Pero, nadie en mi familia pensó que podíamos encontrar las costosas pastillas confundidas en medio de ceras para pisos y detergentes en polvo en un puesto de la feria de la calle Garcilazo de la Vega.

Con algo de disimulo mi mamá preguntó a la vendedora el costo de
los medicamentos y ésta respondió que sólo se vendían por mayor y que la centena —que era lo mínimo— costaba 200 bolivianos, sin rebaja.

La verdad, no podíamos creer el precio y gastamos 300 bolivianos en los medicamentos.

Al principio, las pastillas tenían un efecto normal y parecía que no había problema, pero luego mi papá se volvió más nervioso y el cabello se le comenzó a caer a los 15 días del nuevo tratamiento, porque esas pastillas tenían otros compuestos”.

• “Casi opero con anestesia que olía a combustible”
A.R., médico cirujano.


“Yo estuve a punto de operar con anestesia adulterada.
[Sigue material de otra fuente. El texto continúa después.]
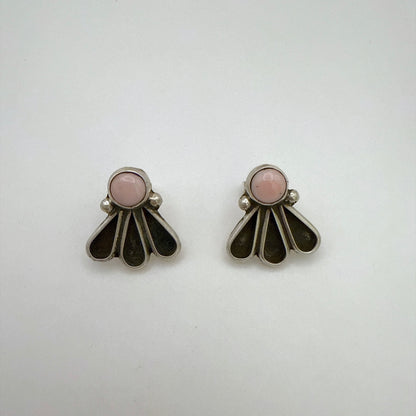 Pink Conch Stud Earrings By Geraldine James B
Se trataba de un trasplante de riñón. Todo estaba listo, pero fue la anestesista la que me dijo —en pleno quirófano— que el producto tenía un olor a combustible. La advertencia me puso los pelos de punta y sin duda rompió mi concentración. Ese día no operamos porque todos ya estábamos alarmados por el caso e incluso se despidió al personal de Farmacia porque ellos son los encargados de comprar y dotar los medicamentos.
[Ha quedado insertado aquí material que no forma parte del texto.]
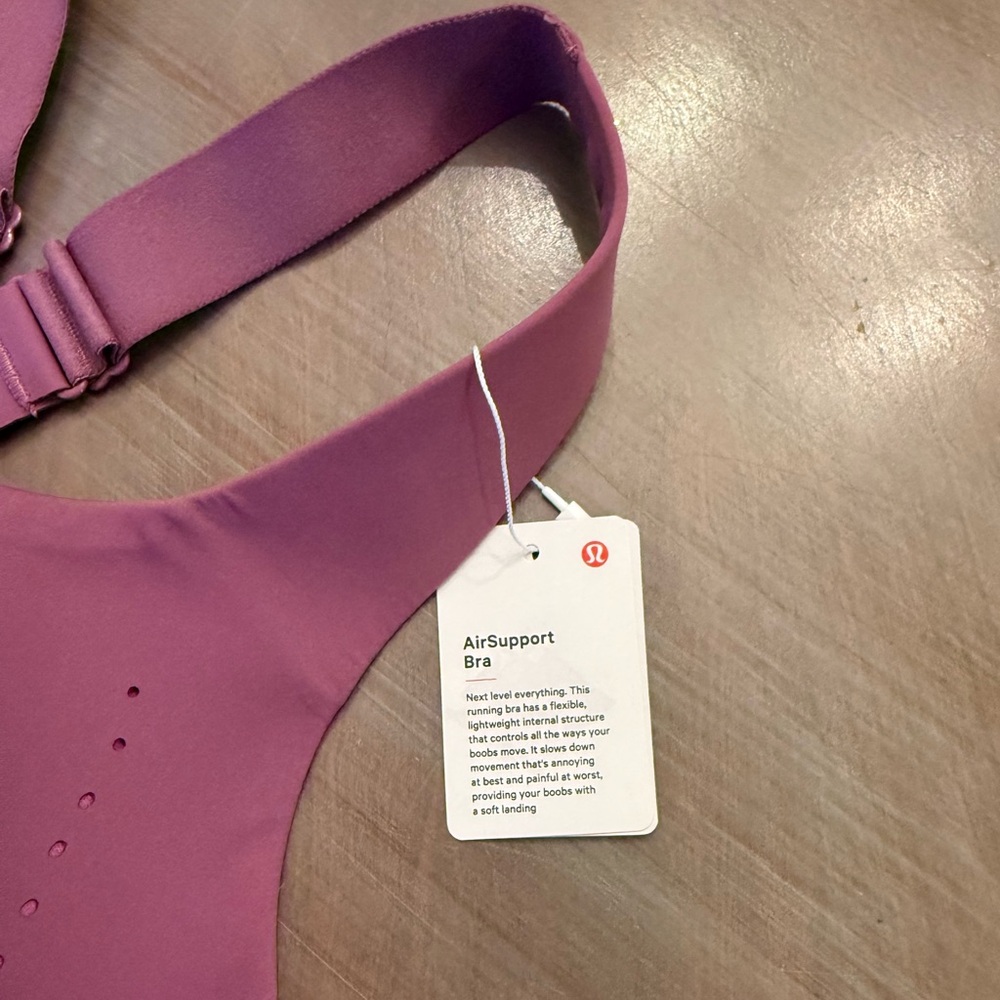 NWT 36DDD Lululemon Air Support Bra - Vintage Plum/Vivid Plum - Picture 3 of 6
El paciente nunca se enteró de nada, pero posiblemente hubiera muerto si se lo hubiera intervenido con anestesia adulterada con un alcohol y algo de gasolina.

No se me ocurre el por qué se puede adulterar medicamentos con alcohol y combustible, eso ya me parece ganas de matar de los delincuentes que se dedican a la falsificación de fármacos.

Por este tipo de cosas, los farmacéuticos están obligados a verificar cada cosa que venden y garantizar la calidad y eficiencia de los productos, de lo contrario pueden haber muertes”.

• “Mi bebé tomó ampicilina llena de talco del velador”
Dora Ortega de Salinas, secretaria y ama de casa.


“Las travesuras de mi bebé nos llevaron a detectar ampicilinas con talco en mi casa. En mayo mi niño de un año y cuatro meses, logró abrir el velador de mi marido y se tragó cuatro comprimidos. Cuando nos dimos cuenta de la travesura, ya era tarde porque el niño ya chupaba los casquillos de las pastillas.

No sabíamos qué hacer. Mi esposo gritaba que era muy pequeño para un lavado estomacal y por eso lo llevamos a su pediatra. Lo extraño era que el bebé no mostraba signos de estar intoxicado o por lo menos incómodo.

Después de estar media hora en el consultorio, el médico salió con cara seria y nos dijo que no había ningún peligro porque el niño comió cuatro ampicilinas llenitas de talco y por eso nos recomendó se le haga tomar mucha líquido para limpiar su estómago de fármacos.

Fue un gran susto, pero que los medicamentos sean adulterados también fue una suerte, porque de lo contrario mi niño hubiera tenido que sufrir un lavado estomacal o quizá hasta una intervención más rigurosa”.